Posted by Jason Altekruse <al...@gmail.com>.

I think there is a reasonable amount of consensus and I am going to
incorporate the proposed change in my JSON changes to improve the error
reporting (better error message on scalar to complex type schema change and
directing users to user all_text_mode for any other schema change i.e.
number->string, bool->number, etc). I do agree that the default should
change once we support embedded type, but for now I think this will provide
a much better user experience for a small amount of dev effort.

-Jason

On Mon, Jan 26, 2015 at 3:14 PM, Ted Dunning <te...@gmail.com> wrote:

> I think that reading all as doubles is fine as an interim step.  This will
> work for very large numbers, but has the traditional problems with very
> large financial values, but I think that we aren't worried much yet about
> people talking about amounts > $10^17.
>
>
>
> On Mon, Jan 26, 2015 at 5:17 PM, Jacques Nadeau <ja...@apache.org>
> wrote:
>
> > Writing zero int to a float column should be allowed.  Basically, if we
> > found a float previously and then we run across a zero, that should be
> > accepted.  This doesn't fix the situation where the first value was zero
> > but definitely fixes many situations.  I'm up for a second option to
> treat
> > all numbers as doubles but I'm not in support of it for the default as
> once
> > we finish embedded types, this would be our desired behavior.
> >
> > On Mon, Jan 26, 2015 at 1:36 PM, Jason Altekruse <
> altekrusejason@gmail.com
> > >
> > wrote:
> >
> > > Hello Drillers,
> > >
> > > I am currently working on improving the error reporting in the JSON
> > reader
> > > to help users with files that Drill cannot read using the default
> > > configuration today.
> > >
> > > As a part of this change I think it may be useful to change the default
> > > behavior for reading numbers in JSON documents.
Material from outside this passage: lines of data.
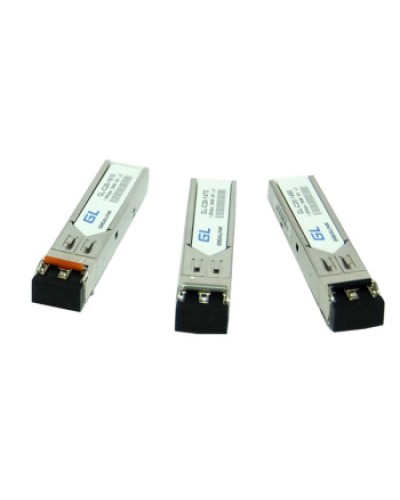 SFP+ модуль CWDM Gigalink GL-OT-ST10LC2-1590-CWDM в Иваново Модули SFP/XFP/GBIC Pintop.ru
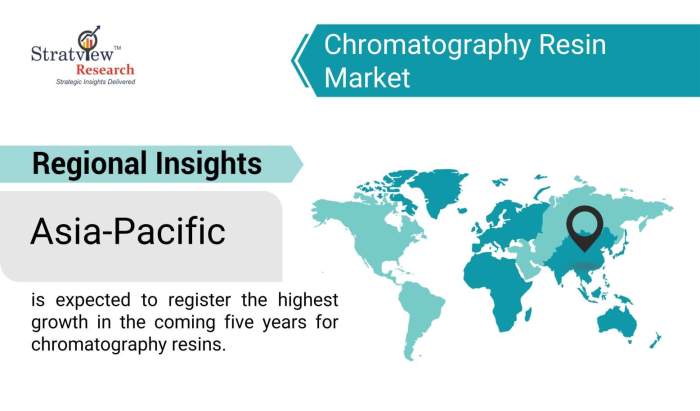 Chromatography-Resin-Market-Regional-Insights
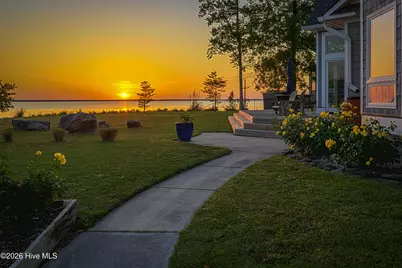 228 Drake Landing, New Bern, NC 28560 - Photo 68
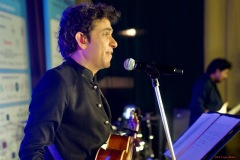 Day-Two-11.10.25-102 Day-Two-11.10.25-102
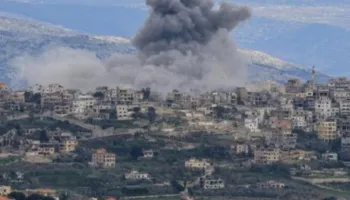 Ushtria e Izraelit: 200 anëtarë të Hezbollahut janë vrarë që nga java e kaluar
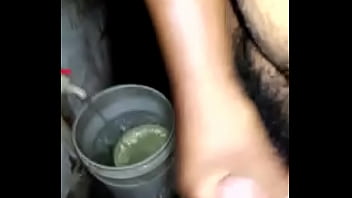 Waptrick Full Video Porno
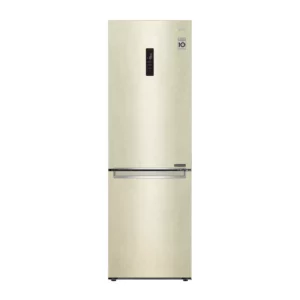 LG GA-B459SEKL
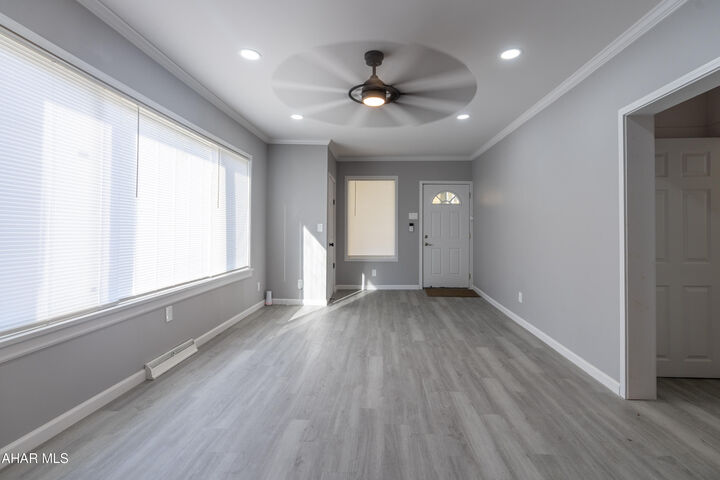 Property Photo:  1129 Kettle Road  PA 16601 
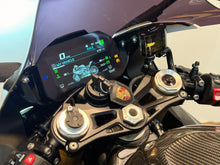 Load image into Gallery viewer, BMW S 1000 RR
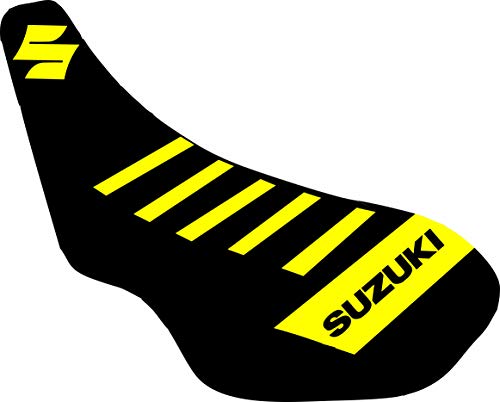 Funda Antideslizante para Suzuki LTZ 400 Non-Slip Cover FOR Suzuki LTZ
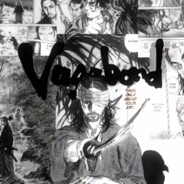 Benedict什么时候会penguin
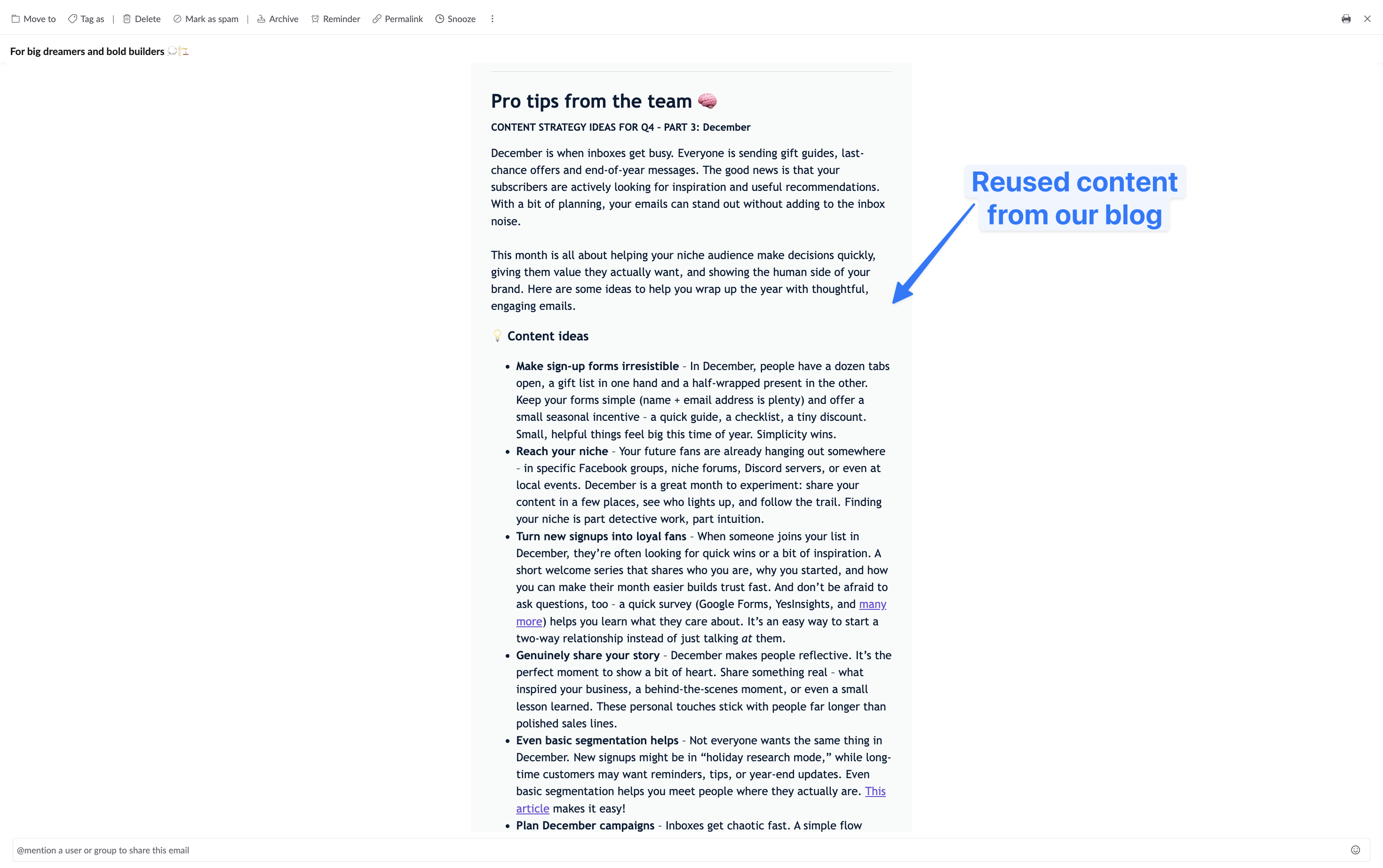 CleanShot 2025-12-14 at 18.48.56@2x.png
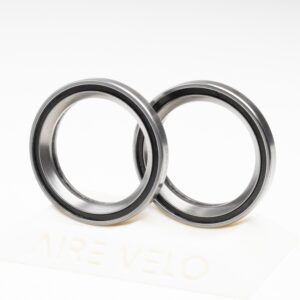 Marin Nicasio, Nicasio Plus, Four Corners, Dsx Headset Kit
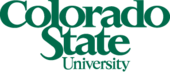 Colorado State University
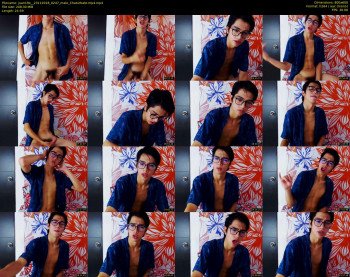 juan19x_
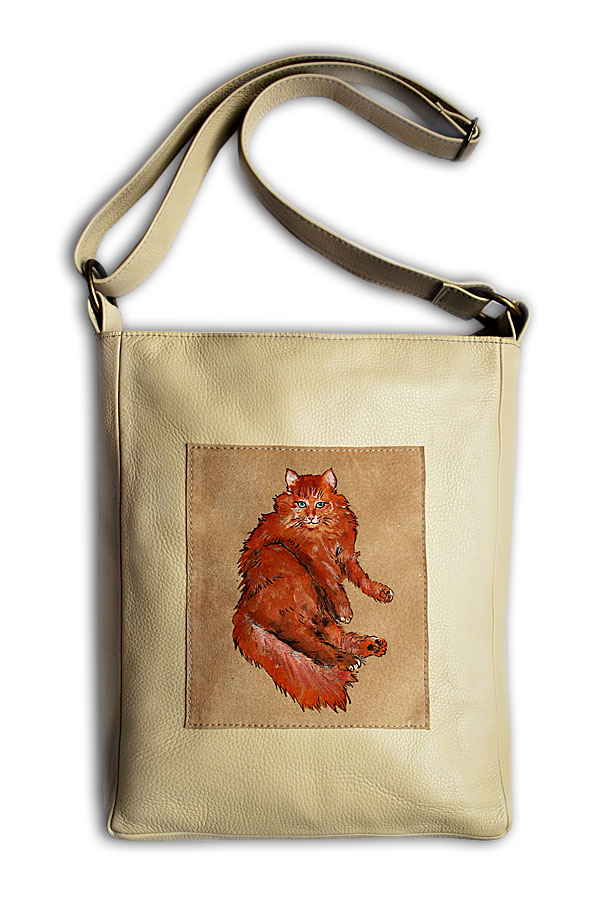 �����-������� "����� ���"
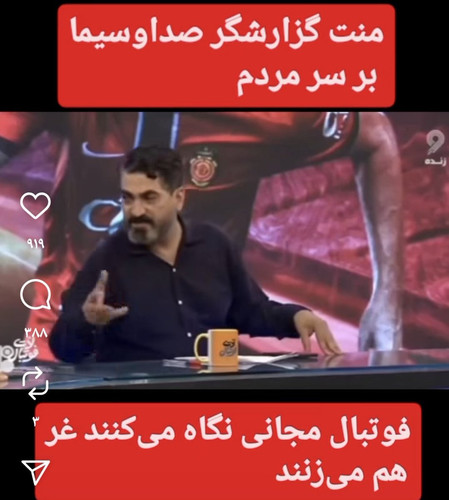 Gzs4qISXkAANYa3.jpg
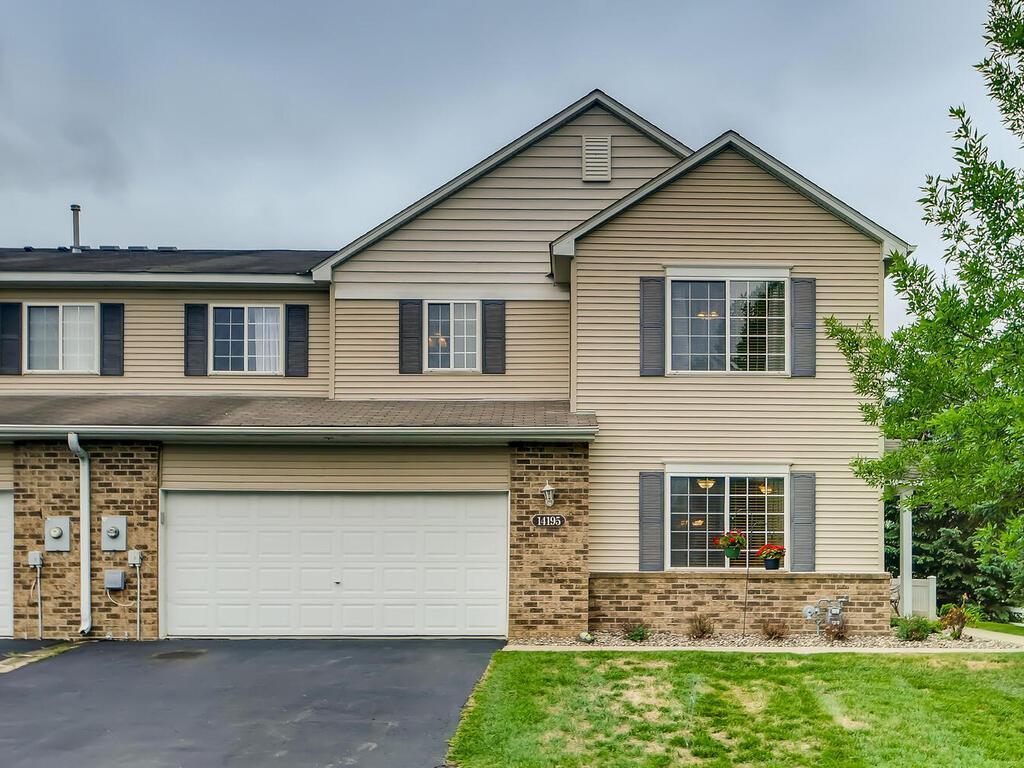 View of Residential at 14195 Avalon Path, Rosemount MN 55068, Rosemount - Mike Wilen | Minnesota Team Real Estate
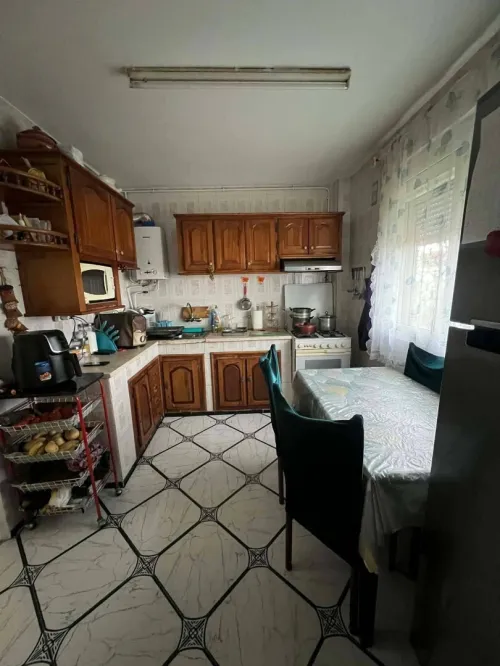 Vente Appartement F3 Constantine Constantine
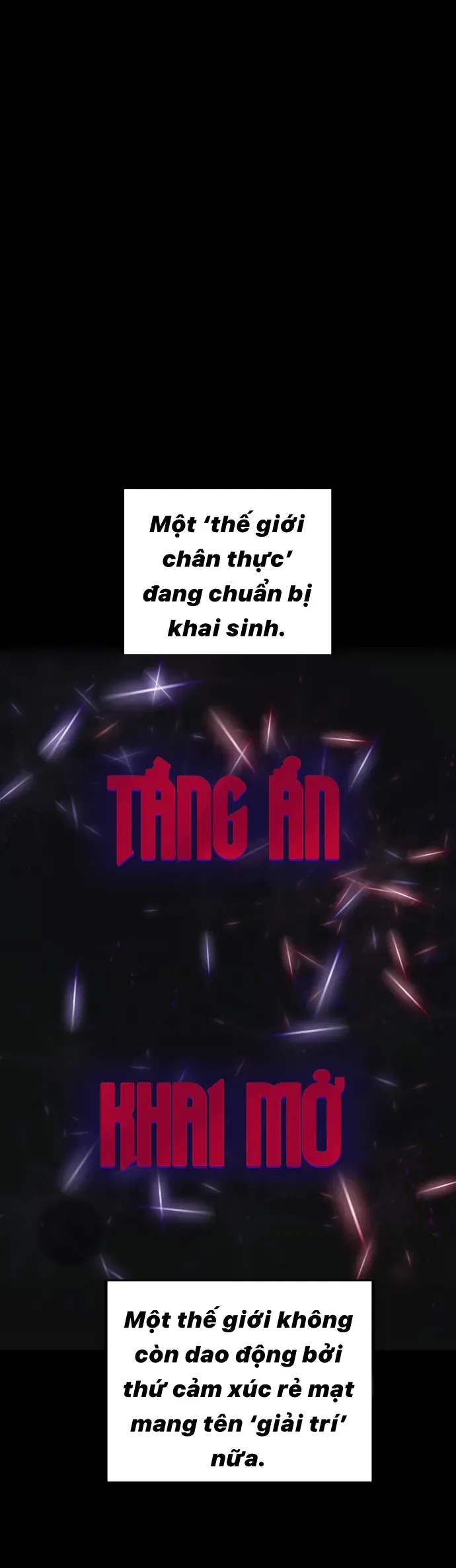 Chương 258 - trang 31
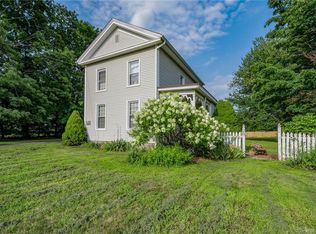 282 Naubuc Ave, East Hartford, CT 06118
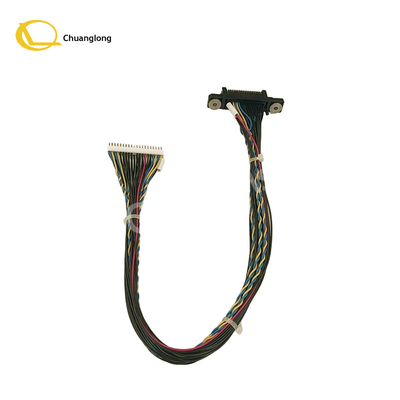 S3200010586 S3200010586 Hyosung Atm Peças sobressalentes Interface Cable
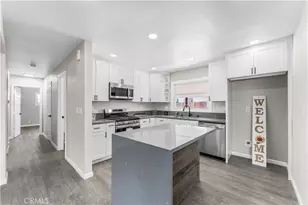 318 W Ave J10, Lancaster, CA 93534 - Photo 8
Currently we fail on a
> > > simple case with reading numbers with decimal points and then hit a
> value
> > > of 0 (or any number without a decimal point) in a later record. The
> > reason
> > > for the current behavior is to allow better precision in the case of
> > files
> > > with only integers. The issue however is that we currently fail on the
> > > basic case with a mix of intergers and decimal numbers. See [1] for
> more
> > > discussion on this.
> > >
> > > I propose that we switch the JSON reader to read all numbers as doubles
> > by
> > > default. The reader already contains a workaround that allows lossless
> > > casting to integers and decimal types with some extra computational
> > > overhead using all_text_mode, see more info below. [2]
> > >
> > > Please share your thoughts on this change.
> > >
> > > [1] https://issues.apache.org/jira/browse/DRILL-1460
> > > [2] https://issues.apache.org/jira/browse/DRILL-2071
> > >
> > > -Jason
> > >
> >
>

Re: [DISCUSS] Change default json read behavior for numbers

Posted by Ted Dunning <te...@gmail.com>.

I think that reading all as doubles is fine as an interim step.  This will
work for very large numbers, but has the traditional problems with very
large financial values, but I think that we aren't worried much yet about
people talking about amounts > $10^17.



On Mon, Jan 26, 2015 at 5:17 PM, Jacques Nadeau <ja...@apache.org> wrote:

> Writing zero int to a float column should be allowed.  Basically, if we
> found a float previously and then we run across a zero, that should be
> accepted.  This doesn't fix the situation where the first value was zero
> but definitely fixes many situations.  I'm up for a second option to treat
> all numbers as doubles but I'm not in support of it for the default as once
> we finish embedded types, this would be our desired behavior.
>
> On Mon, Jan 26, 2015 at 1:36 PM, Jason Altekruse <altekrusejason@gmail.com
> >
> wrote:
>
> > Hello Drillers,
> >
> > I am currently working on improving the error reporting in the JSON
> reader
> > to help users with files that Drill cannot read using the default
> > configuration today.
> >
> > As a part of this change I think it may be useful to change the default
> > behavior for reading numbers in JSON documents. Currently we fail on a
> > simple case with reading numbers with decimal points and then hit a value
> > of 0 (or any number without a decimal point) in a later record. The
> reason
> > for the current behavior is to allow better precision in the case of
> files
> > with only integers. The issue however is that we currently fail on the
> > basic case with a mix of intergers and decimal numbers. See [1] for more
> > discussion on this.
> >
> > I propose that we switch the JSON reader to read all numbers as doubles
> by
> > default. The reader already contains a workaround that allows lossless
> > casting to integers and decimal types with some extra computational
> > overhead using all_text_mode, see more info below. [2]
> >
> > Please share your thoughts on this change.
> >
> > [1] https://issues.apache.org/jira/browse/DRILL-1460
> > [2] https://issues.apache.org/jira/browse/DRILL-2071
> >
> > -Jason
> >
>

Re: [DISCUSS] Change default json read behavior for numbers

Posted by Chris Westin <cw...@maprtech.com>.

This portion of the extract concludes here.